Well Known and Active Website User
VOC Member
Tim, when I bought my Shadow in the UK a couple of years ago I rode it for several hundred miles. It was very fast but smoked. When it arrived in Australia I pulled the heads off. The exhaust ports had been well and truly "ported" taking too much metal off the boss for the lower exhaust valve guides. This allowed the guides to rotate and allow a lot of oil to pass. I then decided the safest thing to do was split the cases. I then found the main bearings were rotating on the crank. If you don't know what is inside then the safest thing to do is strip it. There is no doubt your gearbox is non standard as it should not have the high first gear, so what else has been changed? The only way to find out is a strip down. During the strip down I also discovered a large crack in the rear wheel hub, a couple of very suspect wheel bearings etc. etc.
 

Kiwi_Tim

Website User
VOC Member
I'll start off checking the sump oil content for volume, the mag had previously made its low speed running excellent, but definitely oiling up big time now. So possibly not scavenging properly.
funnily enough it did have joggle wires but I took them out. The bike has been running a straight 40 and the last few tops ups straight 50.
If the sump is fairly clear then I guess the top end needs investigation
theoretically the engine is Dec 53, a very late number.
 

oexing

Well Known and Active Website User
VOC Member
Could be the engine breather too, in that case a lot of oil gets burnt.

Vic
 

MartynG

Well Known and Active Website User
VOC Member
When I first got my Comet it smoked like a WW2 destroyer laying a smokescreen!

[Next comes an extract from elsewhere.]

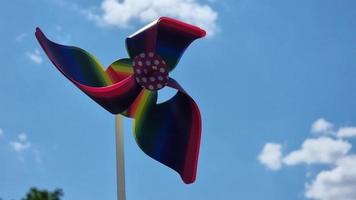 Pinwheel against the blue sky with clouds. Rainbow windmill. video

Turned out to be incorrectly fitted valve guides - the lower guides were out of alignment with the top guides resulting in very ugly wear on the valve stems and the guides thus lots of oil getting past into the combustion chamber to be burnt.

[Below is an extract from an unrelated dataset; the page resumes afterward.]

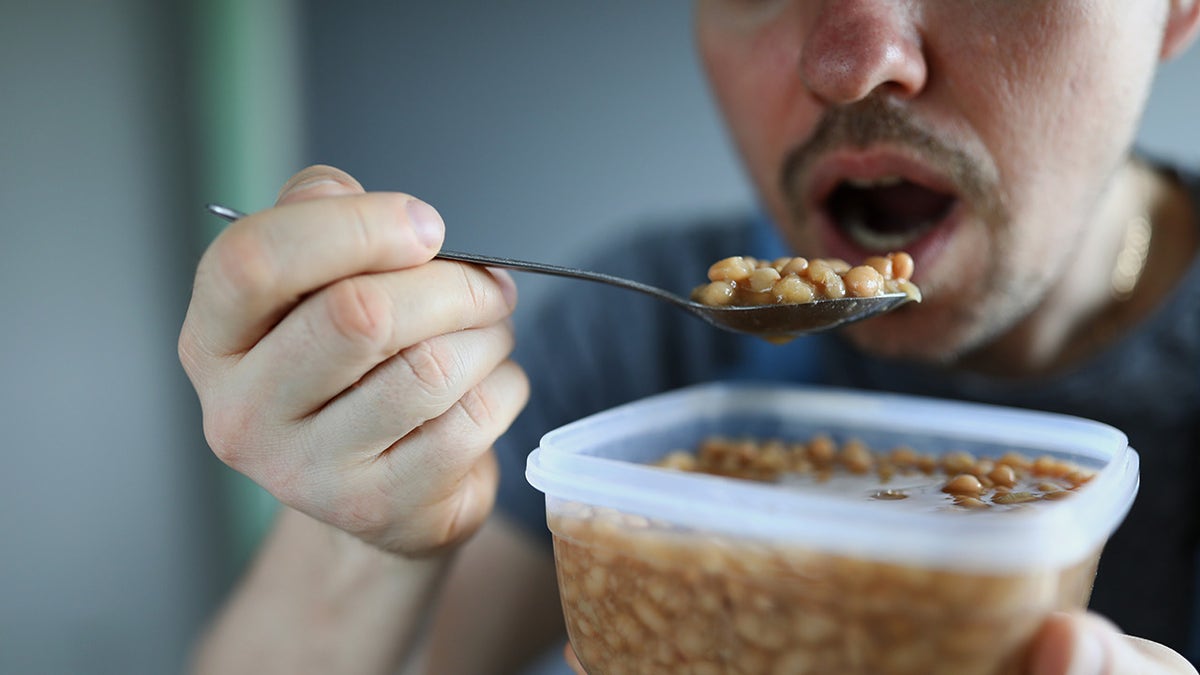 Man eating white beans straight from Tupperware with spoon.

Fix was new valve seats, new guides (with valve stem seals) and new valves - Oh and a fair bit of $$$$. This time the lower/upper guides were line reamed. 50,000 miles later and still smoke free.
 

Bill Thomas

Well Known and Active Website User
VOC Member
I would put the wires back in !!, Unless you want to take it off the road and spend a lot of money.
A lot of people start stripping these out and the Bike is off the road for years.
Cheers Bill.
 

vibrac

Well Known and Active Website User
VOC Member
I don't think I have ever had an engine with joggle wires in. My take on them was based on what people like Ron Kemp said that with high mileage early oils and infrequent oil changes they stopped the small oil holes getting blocked. I change oil regularly and any racer I had was on R never seen a problem
 

Bill Thomas

Well Known and Active Website User
VOC Member
I'll start off checking the sump oil content for volume, the mag had previously made its low speed running excellent, but definitely oiling up big time now. So possibly not scavenging properly.
funnily enough it did have joggle wires but I took them out. The bike has been running a straight 40 and the last few tops ups straight 50.
If the sump is fairly clear then I guess the top end needs investigation
theoretically the engine is Dec 53, a very late number.
Tim, You will always get some oil out the sump drain !, Not too much I hope.:)
Cheers Bill.
 

Bill Thomas

Well Known and Active Website User
VOC Member
Tim, I have never checked it, But that don't sound too much,??, It has to have some, If you look in the tank when running, As long as it's returning, Vin's don't have a steady stream, It comes back in fits and farts,
Again, Try and look at another Bike. Cheers Bill.
 

chankly bore

Well Known and Active Website User
VOC Member
I remember P.E.I. saying "more harm is caused by oil not getting where it's needed than by it failing when it gets there." Especially in cold weather heavy oils tend to form "tunnels" with an outer layer adhering to pipe walls and causing the mechanical equivalent of a coronary occlusion, or perhaps a Colonial Delusion. Other things to check are valve stems gumming up and stuck rings. Personally, I run 30 or 40 grade in my Comet even in the hottest Aussie weather. P.E.I. used to like the old formula Castrol GTX because, to quote him directly, "it is messy stuff."